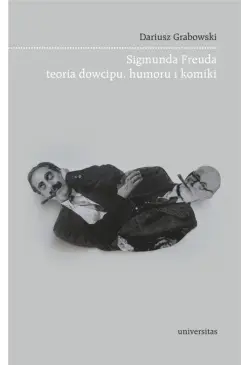 Sigmunda Freuda teoria...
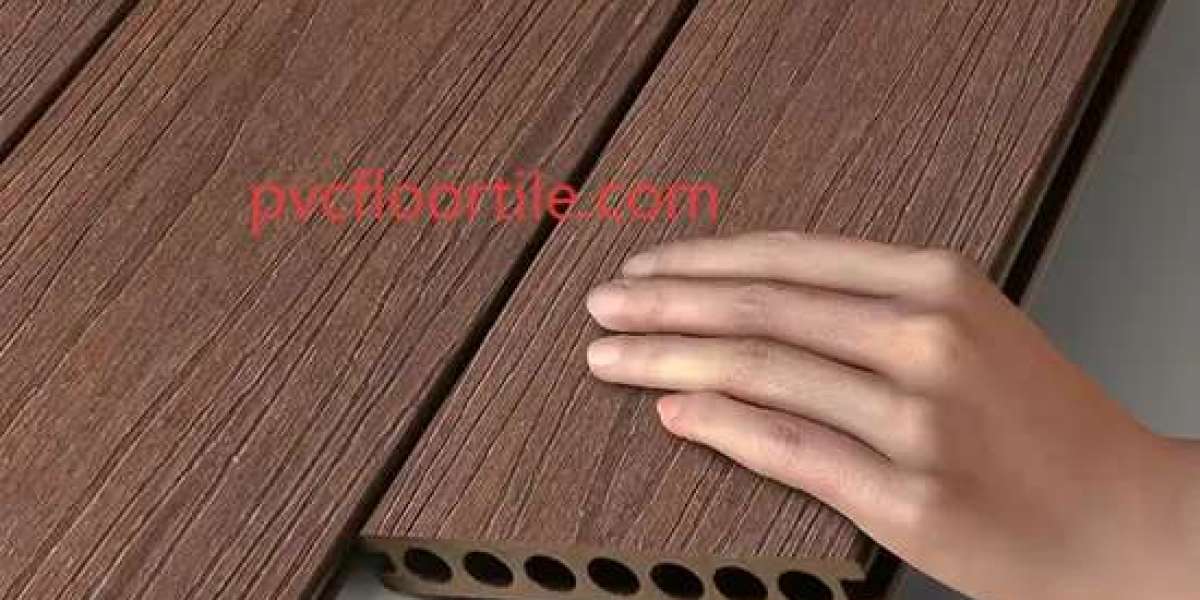 Osk's Emission Erasure: Vinyl Flooring Factory Revolution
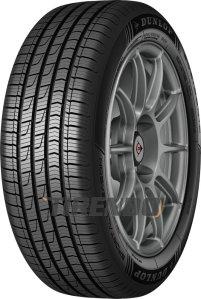 Dunlop Sport All Season ( 215/55 R18 99V XL ) on Productcaster.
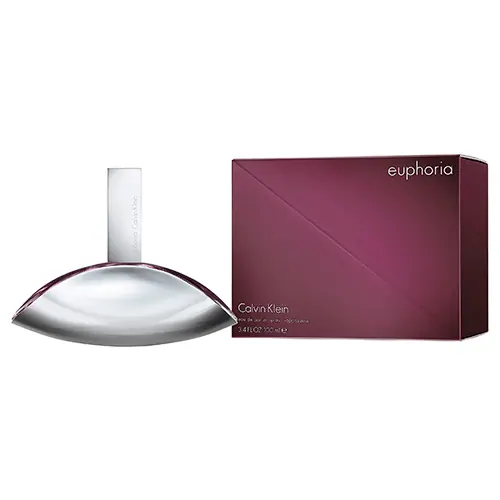 CALVIN KLEIN Euphoria Eau De Parfum Spray 100ml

## Problem description
Extract exactly the lines above from the line containing "Dunlop Sport All" through the last one, both ends included, but not the pictures.

## The completed task
 Dunlop Sport All Season ( 215/55 R18 99V XL ) on Productcaster.
 CALVIN KLEIN Euphoria Eau De Parfum Spray 100ml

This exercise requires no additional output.